Yes, SoftwareBitmapSource will be open-sourced with WinUI 3, since that object is part of XAML. But SoftwareBitmap will not. So the stack here will only be partially open-source, split at the XAML boundary. XAML's handling (or lack thereof) of this failure in AsyncCopyToSurfaceTask::CopyOperation will be part of the open-source code. So this issue would be something you could fix.

Regarding performance, SoftwareBitmapSource holds on to the SoftwareBitmap so that we can ask it for the bits again if there is a device lost or a need to redecode it for a different render size. The bits could be held in system memory if the SoftwareBitmap holds on to the bits (which I think depends on how it is created, including the behavior of any objects used to create it). It is certainly possible for your code to control the process end-to-end by using a CompositionDrawingSurface or a SurfaceImageSource, but those can have some costs as well, such as the cost of a separate Direct3D device, the cost of a separate graphics memory surface (compared to sharing the atlas(es) XAML uses), and not decoding to render size (unless you know the size and handle this, of course).

benstevens48 commented 2 years ago

@codendone - it seems the same bug now also occurs if you try to load an AVIF image in a SoftwareBitmapSource and the AV1 Video Extension package is not installed. Again, this is a fail fast exception which it is impossible to catch.

benstevens48 commented 1 year ago

I assume this still needs fixing in WinUI3.

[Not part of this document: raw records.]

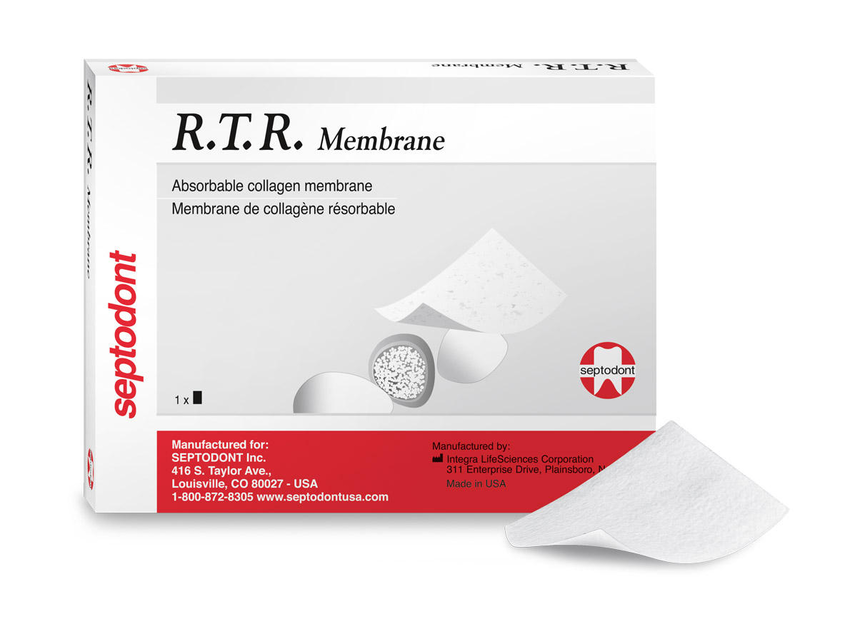 R.T.R. Bovine Absorbable Collagen Membrane 1/Pkg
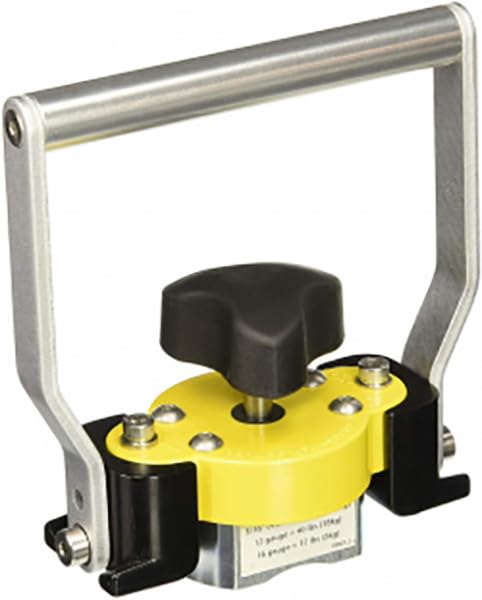Aimant de levage à main Magswitch - Jaune - 27 kg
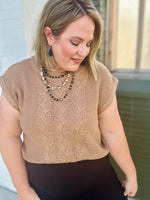 Cambri Cable Knit Sweater
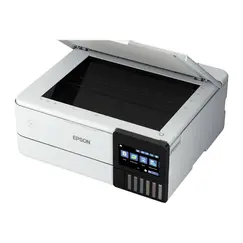 EPSON EcoTank ET-8500 MFP colour ink-jet refillable A4 16ppm print USB LAN USB host Wi-Fi white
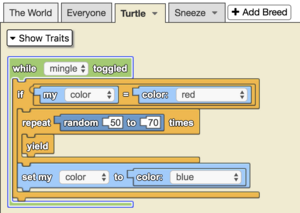 Equals example code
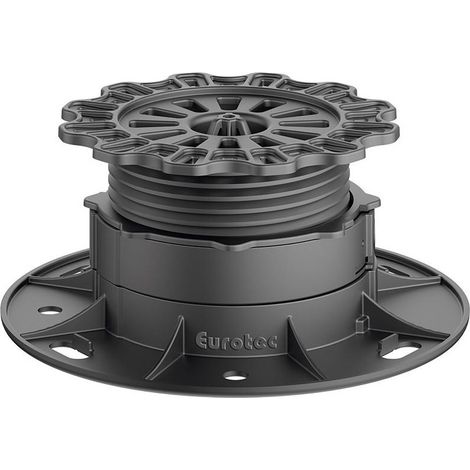 Piedistallo per terrazza PRO M Altezza 53-82 mm (confezione da 10)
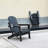HDPE Folding Adirondack Chair With Dual Cup Holder-1548822709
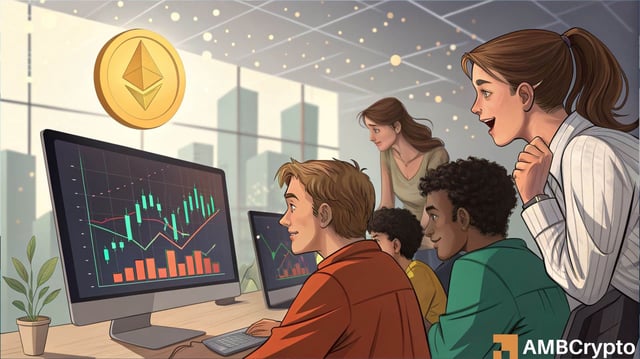 Ethereum's price holding $3700 could be key to a strong rally in Q3 - Why?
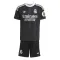 Real Madrid Dětský Brankářské Dres 2025/26 Černá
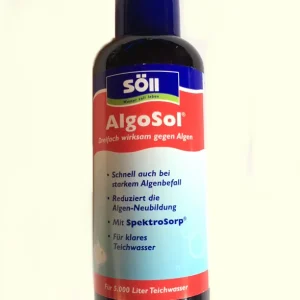 Schneller Versand Söll AlgoSol Algenmittel für Teich 1,0 Liter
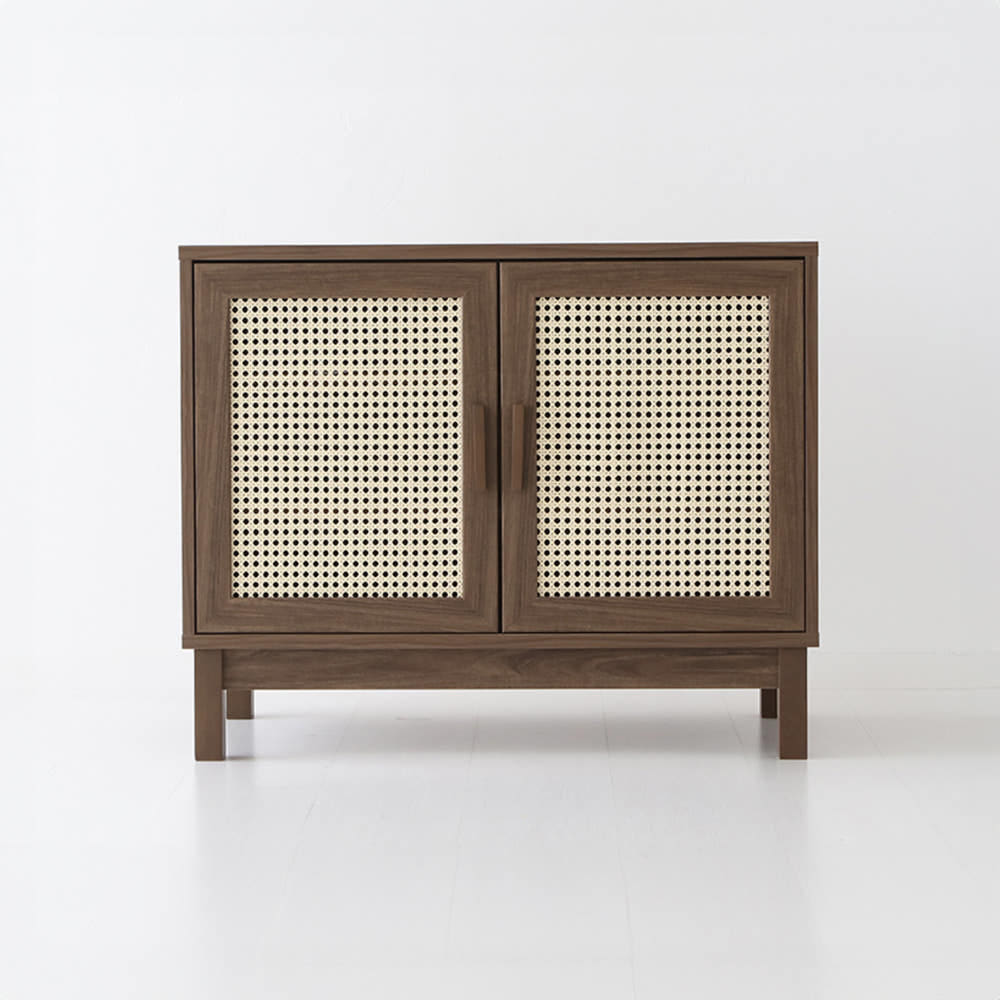 벤탄 2문 수납장 9073 CHM7390 900x400x733mm, 1단, 캄포어베니어 3801.8628 - 상세 이미지 5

fm-sys commented 9 months ago

For me this line produces the error (and I'm not able to catch it):

StorageItemThumbnail thumbnail = await storageFile.GetThumbnailAsync(ThumbnailMode.PicturesView);

I'm loading thumbnails of user pictures, so I cannot make sure there is no bad one.

Seeing that this rather problematic bug exists since 3 years now, can you estimate if and when there will be a fix?